Amazon Posts Its Best Thanksgiving Week Ever, Setting Records for Sales and Items Sold

Ethan
6 Min Read

Amazon says it had best-ever Thanksgiving holiday week with record sales and items sold

Amazon said it set new company records during the Thanksgiving-to-Cyber Monday stretch, reporting its best-ever holiday week by both total sales and number of items sold. The company credited deep seasonal discounts, faster delivery options, and strong demand across its marketplace for the performance, while declining to disclose specific revenue figures or growth rates.

The results underscore the ongoing strength of e-commerce during the U.S. holiday shopping season and suggest consumers remained responsive to promotions despite lingering concerns about inflation and household budgets. Amazon said customers shopped heavily throughout the entire week rather than concentrating purchases on a single day, a pattern that has become more pronounced as retailers launch deals earlier and keep them running longer.

Amazon highlighted broad-based demand across categories that historically lead the season, including electronics, toys, home and kitchen, beauty, apparel, and gift cards. The company also pointed to robust sales of its own devices and services, saying interest in smart home products, streaming devices, and e-readers was particularly strong. While it did not provide a breakdown by category, Amazon said many of its top-selling items came from small and medium-sized businesses selling through its marketplace.

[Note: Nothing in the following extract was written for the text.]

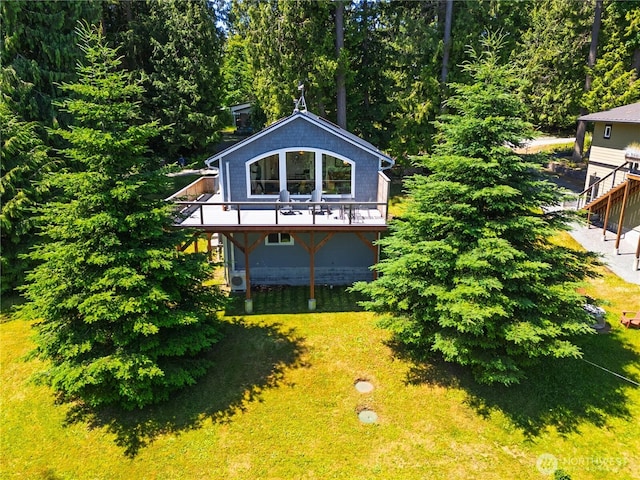 7773 Hideaway Ln, Anacortes, WA 98221 - view of side of home with stairs, a wooden deck, and a yard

Third-party sellers—an increasingly important contributor to Amazon’s profitability—were once again a focal point. The company said independent merchants recorded record unit sales and that its promotional programs helped drive traffic to smaller brands throughout the week. Marketplace sales typically carry higher margins for Amazon than first-party retail because the company collects fees and advertising revenue without taking on inventory risk at the same scale.

Logistics and delivery were also central to the company’s message. Amazon said its expanded same-day and one-day delivery network enabled it to keep pace with peak order volumes while meeting tighter shipping expectations. The retailer has been reconfiguring its U.S. fulfillment footprint into more localized regions to shorten delivery routes and reduce costs, a shift executives have said should improve both customer experience and margins. During the holiday week, the company emphasized reliable delivery estimates and free returns as key conversion drivers.

Advertising likely played a role as well. Brands and sellers tend to increase spending on sponsored product listings and display ads during peak shopping periods to win visibility in crowded search results. While Amazon did not quantify the contribution of ads, its advertising services segment has grown rapidly in recent years and has become a major profit engine that complements the retail business, especially during promotional weeks.

Industry data from third-party trackers indicated that U.S. online sales rose year over year across Thanksgiving Day, Black Friday, and Cyber Monday, helped by deeper discounts in categories such as electronics and toys. Buy now, pay later services and store pickup options continued to influence shopper behavior, with consumers mixing online browsing, mobile purchasing, and omnichannel fulfillment to capture deals while minimizing shipping constraints. Against that backdrop, Amazon’s record week suggests it captured an outsized share of digital spend.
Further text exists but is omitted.